Yassa, with NRDC, argues that carbon emissions associated with logging, fuel preparation and transportation need to be factored into any forest BECCS plants. Even without making pellets and shipping them overseas, the “upstream” emissions are substantial, as is the lost carbon sequestration in the logged forests.

Others point out that if forests are not allowed to regrow, either because of development, or if they burn in a wildfire, then any carbon neutrality calculations become faulty.

But the potential IRA incentives could add up to real money, if the industry can get it.

“Trees are more valuable alive than dead both for climate and for biodiversity.”

Drax, for example, has said its first two BEECS power plants could capture as much as 3 million tons of carbon a year each, which, according to the IRA provisions, could potentially produce a combined tax break of $510 million a year for 12 years.
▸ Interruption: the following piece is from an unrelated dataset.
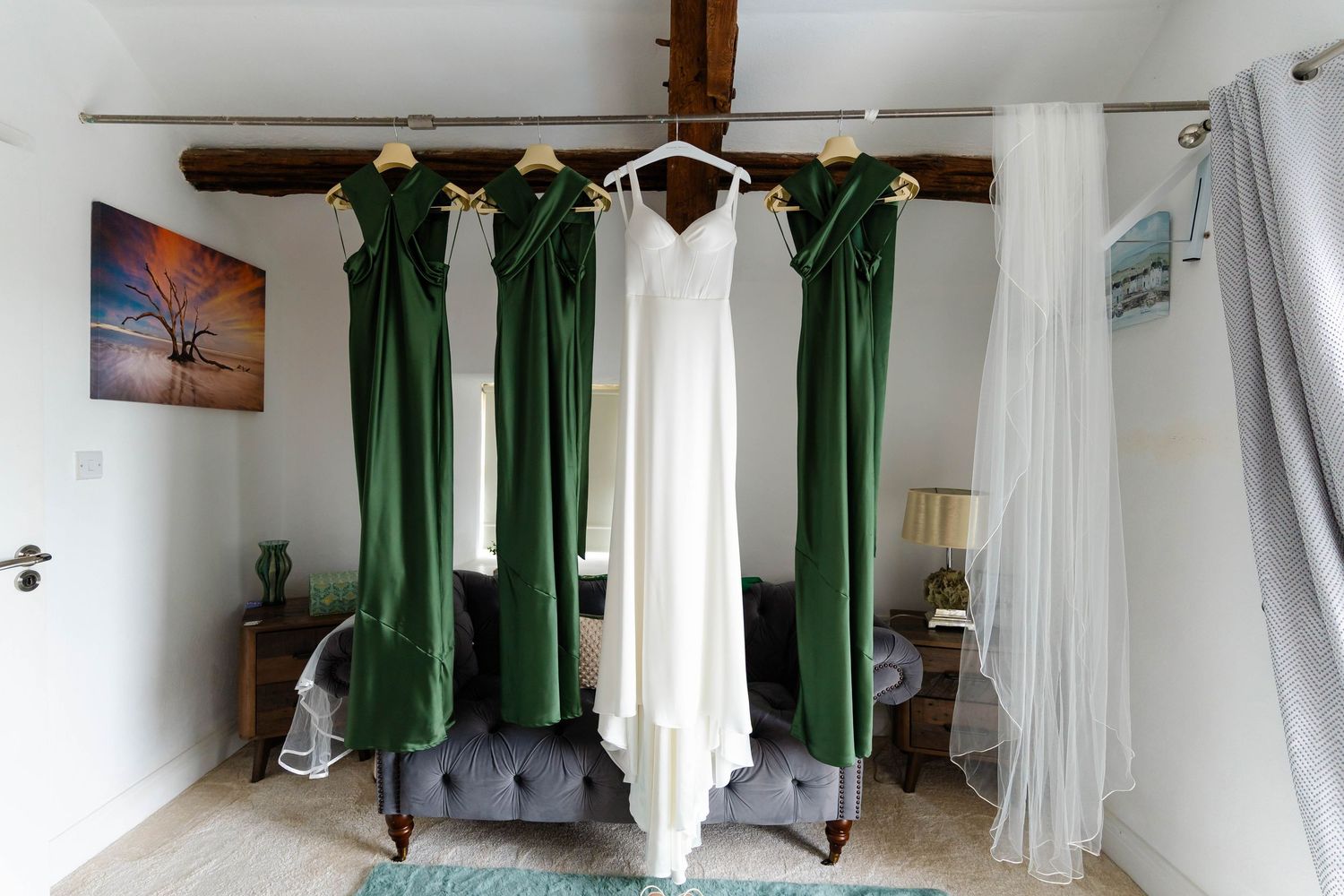 Interior room with green curtains and white drapes hanging from wooden beams.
Under the clean energy production credit, even a power plant just burning wood to make electricity with no carbon capture could save millions a year for a decade, depending on its capacity.

For the announced Enviva wood pellet mill in Epes, Alabama, the company could potentially get an advanced manufacturing equipment tax credit of $110 million, or 30 percent of a project that the company has said could cost $375 million, according to Advocates in Alabama have questioned that proposed plant’s climate and community benefits.
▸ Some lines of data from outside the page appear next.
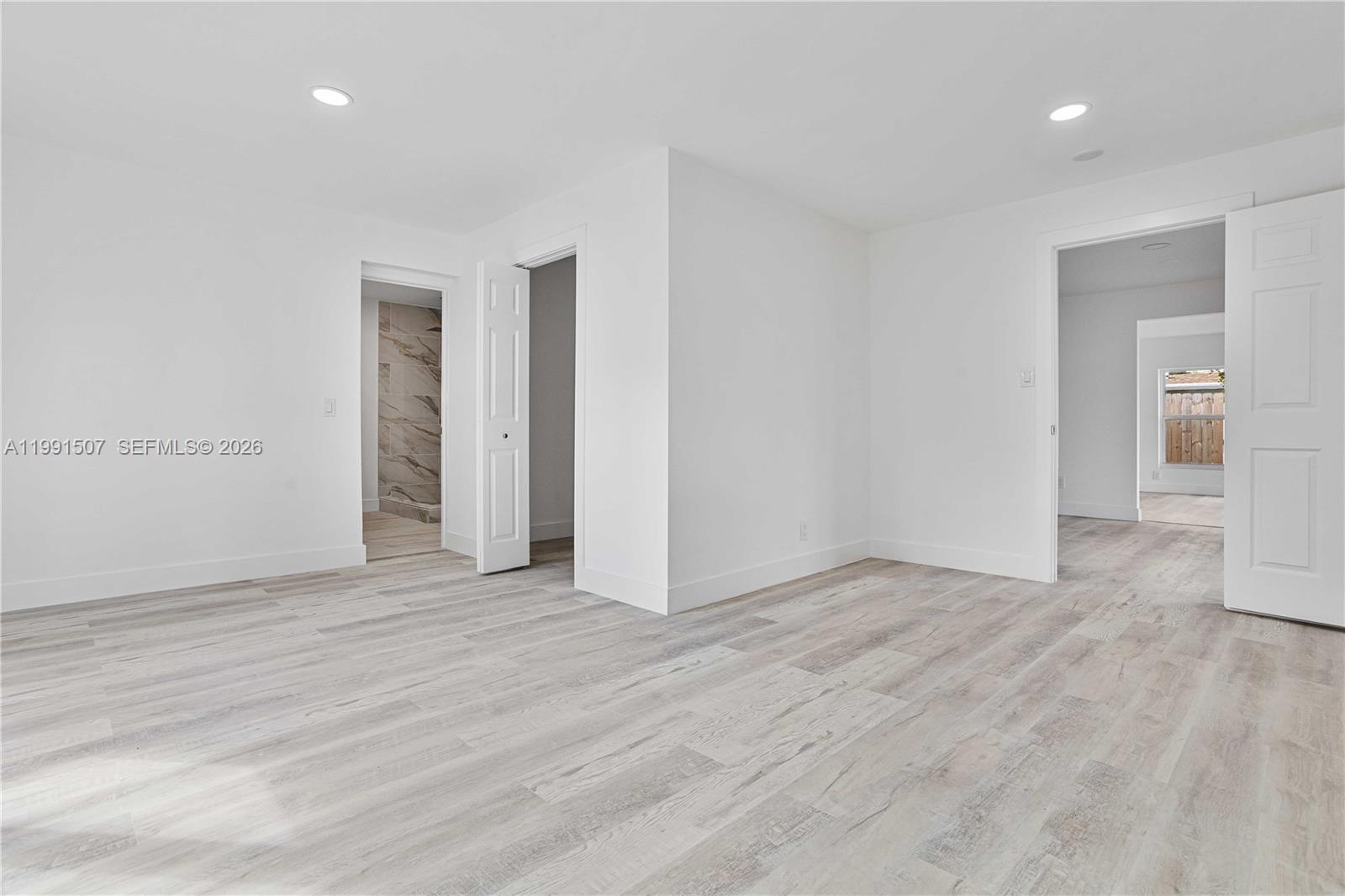 4157 Southwest 49th Court Dania Beach, FL 33314 - Photo 19 of 46 a view of an empty room with wooden floor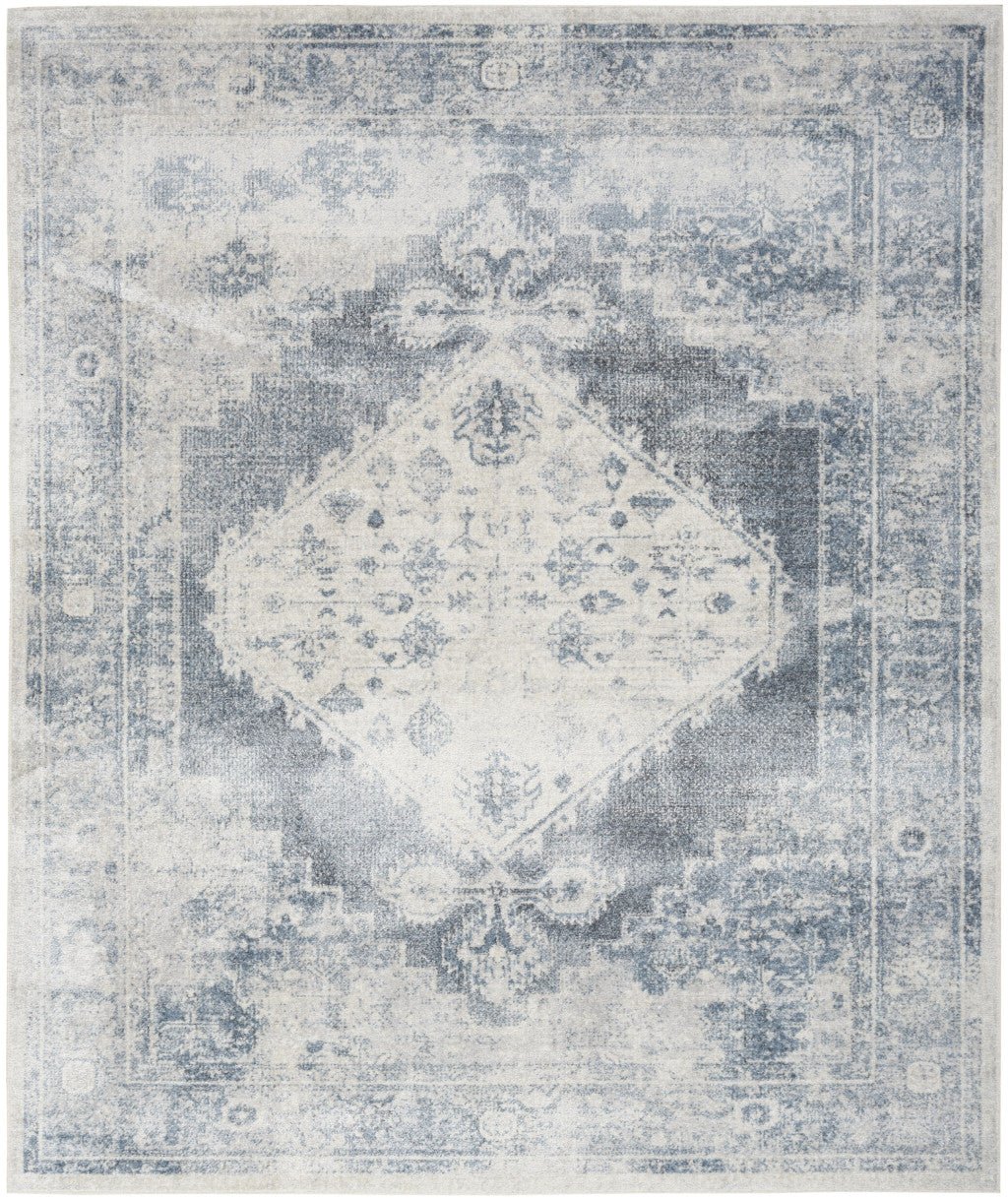 9 x 12 Blue and Ivory Oriental Power Loom Distressed Area Rug Image 1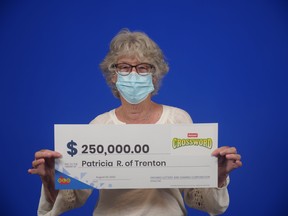 Patricia Roberts of Trenton holds up her $250,000 cheque from OLG after winning the grand prize on an Instant Crossword Deluxe lottery ticket. Submitted.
“I don’t know what seems less advanced than burning wood,” said Heather Hillaker, a North Carolina-based staff attorney with the Southern Environmental Law Center, a nonprofit environmental law firm, referring to the advanced manufacturing production credit.
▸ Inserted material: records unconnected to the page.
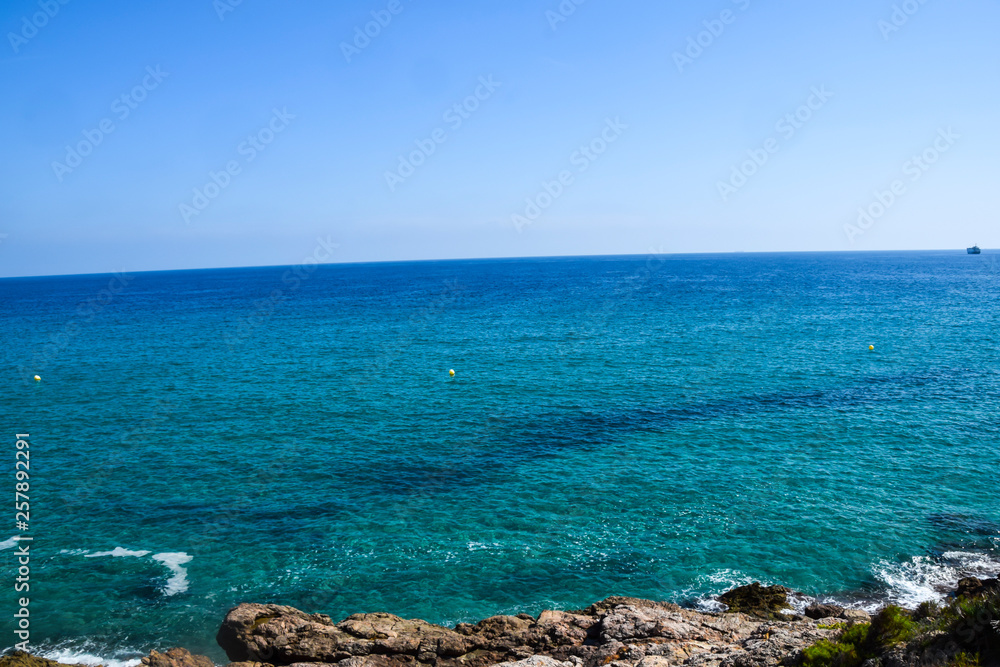 stone rocky coast view of the blue sea wave landscape  weather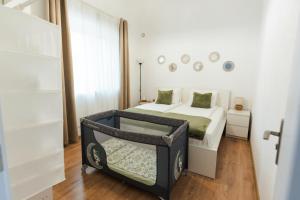 a white bedroom with a bed and a mirror at Apartment Velik in Sandanski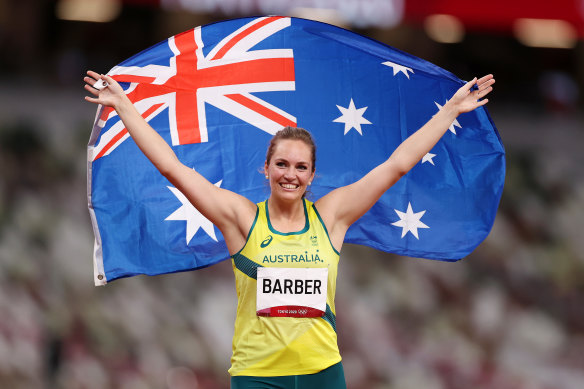 Kelsey-Lee Barber celebrates her bronze medal in the javelin.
Enviva had been teetering on the edge of bankruptcy, its stock having fallen from a high of $51 in January to less than a dollar for the last month, with company officials blaming unfavorable wood pellet pricing, problems at a plant in Virginia, higher interest expenses and other factors.

Hilliker said it was unclear how the company’s financial condition could affect Treasury’s decision—expected by the end of March—on whether Enviva will be among the companies getting the tax break, though she said she does not believe manufacturing wood pellets to ship overseas to burn should even qualify. The company’s bankruptcy filing, she said, “demonstrates what we have argued for years—the biomass energy industry is not financially viable.”

Also, pellet mills across North Carolina and the South are often located near Black and low-income communities, where the pollution has become a significant environmental justice concern, Hillaker said, adding that Treasury officials are supposed to factor such concerns into their decision-making.

Enviva did respond to a request for comment.

“We look forward to emerging from this (bankruptcy) process as a stronger company with a solid financial foundation and better positioned to be a leader in the future growth of the wood-based biomass industry,” said Glenn Nunziata, interim chief executive officer of the company, in a press release.

Earlier this month, Reps. Don Beyer (D-Va), Ro Khanna (D-Ca), Alma S. Adams (D-NC), Valerie Foushee (D-NC), Raúl Grijalva (D-Az) and Barbara Lee (D-Ca) sent a letter to Energy Secretary Jennifer Granholm and IRS Commissioner Daniel Werfel objecting to what they called the “carbon-intensive, industrial-scale wood pellet bioenergy producers” seeking the IRA tax break.

“Industrial-scale wood bioenergy producers—which operate wood pellet mills in the U.S. Southeast and then export pellets to biomass power plants in Europe and Asia—do not meet our climate goals,” the lawmakers wrote.

To energy expert David Schlissel, director of resource planning analysis with IEEFA, the unprecedented climate investments found in the IRA also bring a large measure of unpredictability, as illustrated by all the questions surrounding the law’s potential impact on the country’s forests.

“Welcome to the world of gigantic subsidies, and to the same world of great uncertainty about whether the subsidies are going to mean meaningful reductions in carbon dioxide emissions,” said Schlissel. “I am very cynical about this whole process.”